The RNN scores less error than the baseline, except for the filtered data with at least 5 reactions.

Naxter commented 7 years ago

I tested the CNN with the following parameters for the Sainsbury dataset:

parameter value
epochs 20
filter_sizes 3,4,5
filter_count per filter 40
embedding_dimension 50
dropout_keep_probability 0.5
min_reactions CNN-mae Baseline-mae CNN-mse Baseline-mse Cross entropy loss
1 0.0311 0.0428 0.0205 0.0337 1.16739
2 0.0670 0.0423 0.0412 0.0226 1.1421
5 0.0461 0.0389 0.0227 0.0142 1.13975
10 0.0448 0.0320 0.0134 0.0096 1.11918
15 0.0248 0.0269 0.0052 0.0057 1.1359

The CNN is at the moment performing really bad. Just with the filtered data with at least 1 reaction, the network can outperform the RNN. I guess it is too less training data for a CNN in the other cases. Still need to try to combine tesco and sainsbury and also include the new collected data.

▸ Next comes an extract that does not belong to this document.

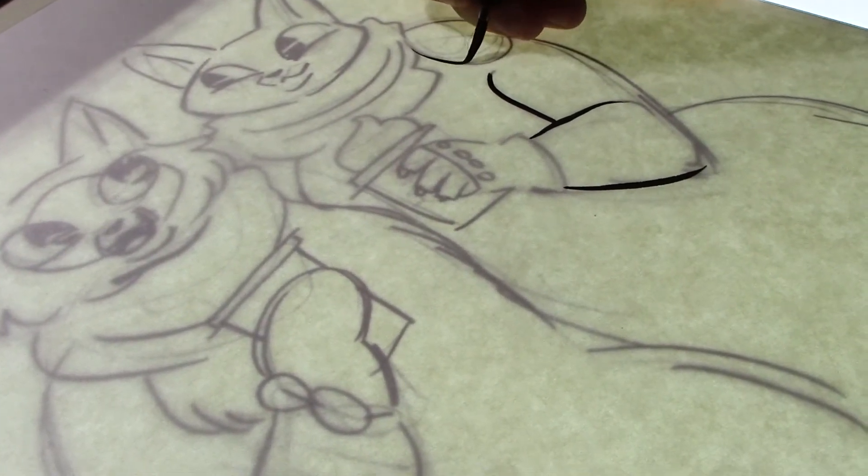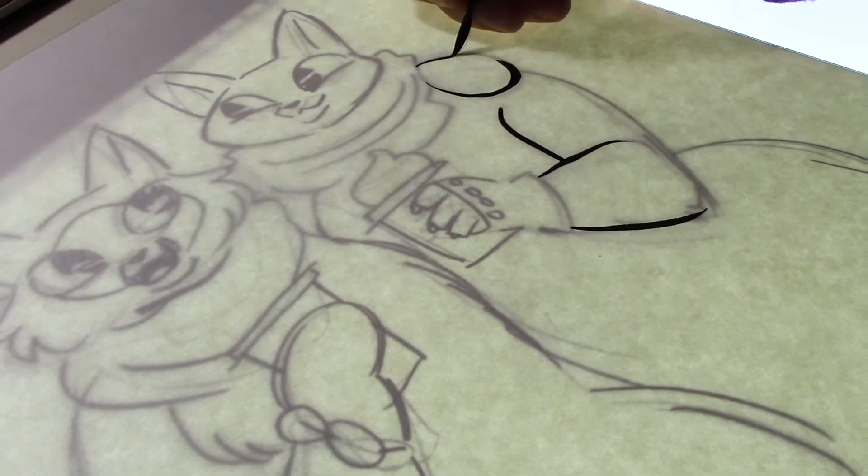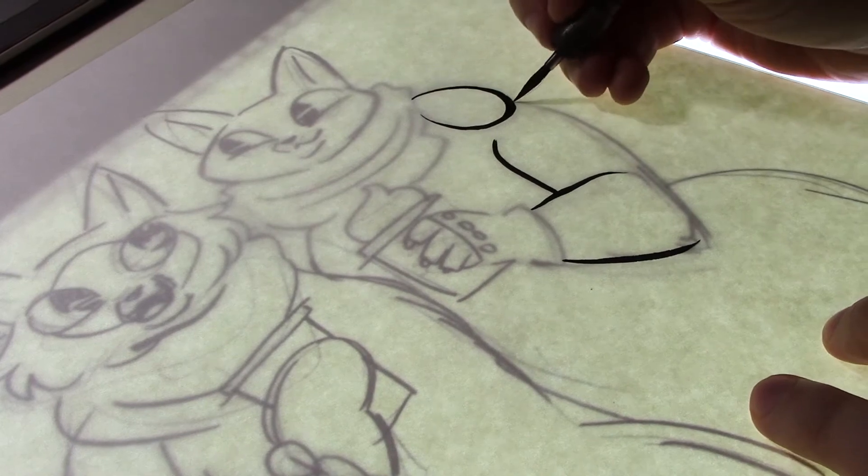I print off the revised thumbnails and then using my light box, I ink them onto Arches 90-pound hot press. It's smooth enough to ink on but it also has a tiny little bit of tooth which allows for some great textures when I use the brush.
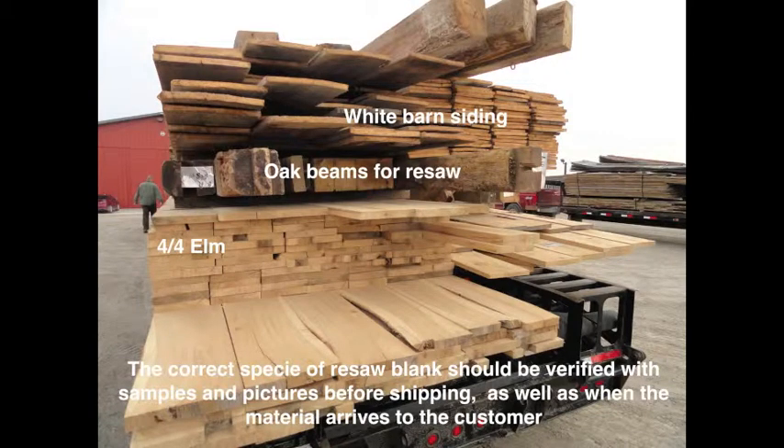The correct species of resaw blank should be verified with samples and pictures before shipping, as well as when the material arrives to the customer.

Naxter commented 7 years ago

Sainsbury + Tesco dataset comparing "Raw input vs pre-processed input":

min_reactions CNN-mae raw CNN-mae pre-processed CNN-mse raw CNN-mse pre-processed
1 0.0305 0.0513 0.0226 0.0409
2 0.0222 0.0348 0.0180 0.0108
5 0.0485 0.0111 0.0292 0.0016
10 0.0317 0.0568 0.0130 0.0255
15 0.0215 0.0202 0.0038 0.0046
Naxter commented 7 years ago

Sainsbury + Tesco dataset comparing "Additional data that has been crawled":

min_reactions CNN-mae CNN-mae additonal data CNN-mse CNN-mse additonal data
5 0.0485 0.0244 0.0292 0.0034
10 0.0317 0.0192 0.0130 0.0039
15 0.0215 0.0232 0.0038 0.0049
Naxter commented 7 years ago

Sainsbury + Tesco dataset comparing "without likes":

min_reactions CNN-mae CNN-mae without likes" CNN-mse CNN-mse without likes"
5 0.0485 0.1129 0.0292 0.0703
10 0.0317 0.0906 0.0130 0.0679
15 0.0215 0.1209 0.0038 0.0875

Without likes approach is really bad. Might be because it is of course much less data there with 15/10/5 reactions at all WITHOUT the like because most of the posts contain mostly likes.

brunolubascher commented 7 years ago

Sainsbury + Tesco dataset comparing "Raw input vs pre-processed input":

min_reactions RNN-mae raw RNN-mae pre-processed RNN-mse raw RNN-mse pre-processed
1 0.0426 0.0360 0.0334 0.0262
2 0.0409 0.0417 0.0226 0.0220
5 0.0369 0.0407 0.0154 0.0150
10 0.0312 0.0274 0.0096 0.0085
15 0.0308 0.0259 0.0078 0.0052
PythEsc commented 7 years ago

Are we still working on this one or is it done with the results presented above?